Collaborators: Dr. Juan-Carlos de la Torre, Scripps Research Institute, La Jolla, CA, USA.

Persistent viral infection of the central nervous system

Christelle Pythoud

Because of their singular immunological status and their post mitotic/non apoptotic state, neurons represent an ideal target for persistent viruses. The prototypic arenavirus lymphocytic choriomenengitis virus (LCMV) is an important model system to investigate viral persistence. It also represents a prevalent human pathogen of particular concern in pediatric medicine and recently, it has been recognized as an underestimated teratogenic pathogen. Congenital LCMV infection can lead to intrauterine death or devastating sequelae of the central nervous system (CNS) including hydrocephalus, microcephaly or macrocephaly, intracranial calcifications and mental retardation. Immature neurons are highly permissive for LCMV infection whereas terminally differentiated neurons provide a much more restrictive environment for the multiplication of LCMV. This inverse correlation between neuronal differentiation and viral replication is a fundamental aspect of many neurotropic viruses thereby being of primary importance in the field of pediatric viral infections.

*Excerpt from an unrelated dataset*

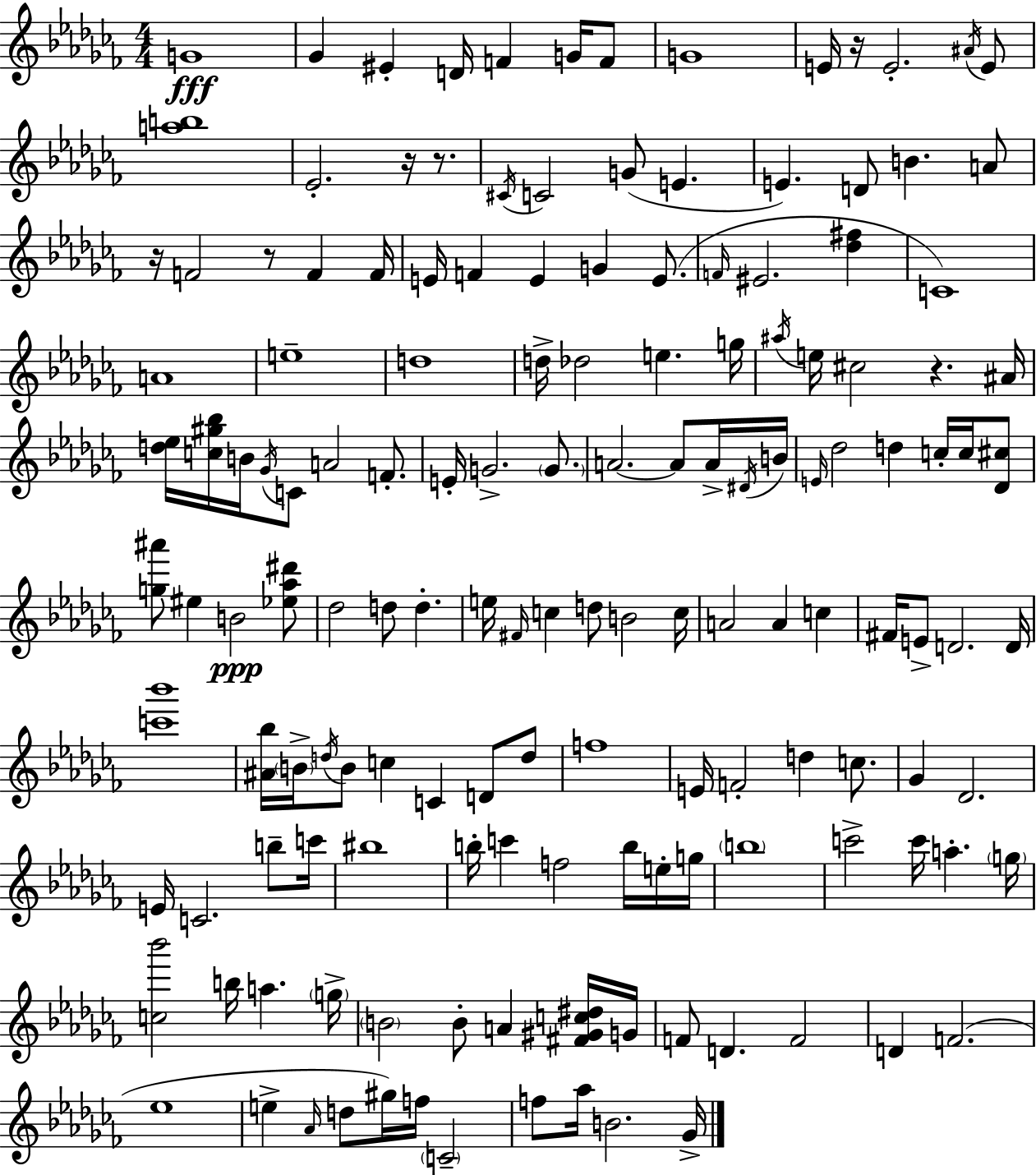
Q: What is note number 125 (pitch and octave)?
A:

On the other hand, persistent viral infection of the CNS by various viruses can affect neuronal function and cognitive defects are commonly associated with this kind of infection. This loss of cognition occurs usually in the absence of overt signs of CNS histo- and immuno-pathology. We therefore hypothesize that non-lytic persistent viral infection can contribute to CNS disturbance by virus-induced perturbation of normal neuronal differentiation and function. It is likely that chronic viral replication and/or chronic viral protein expression directly interfere with neuronal signal transduction and gene expression. Furthermore, viral persistence could also induce constant activation of the neuron’s innate immune system which could disturb the differentiation and function of neurons.

The goal of our studies is to identify the molecular mechanisms and cellular factors involved in the defective neuronal differentiation and function resulting from persistent viral infection.

Collaborators: Dr. Juan-Carlos de la Torre, Scripps Research Institute, La Jolla, CA, USA.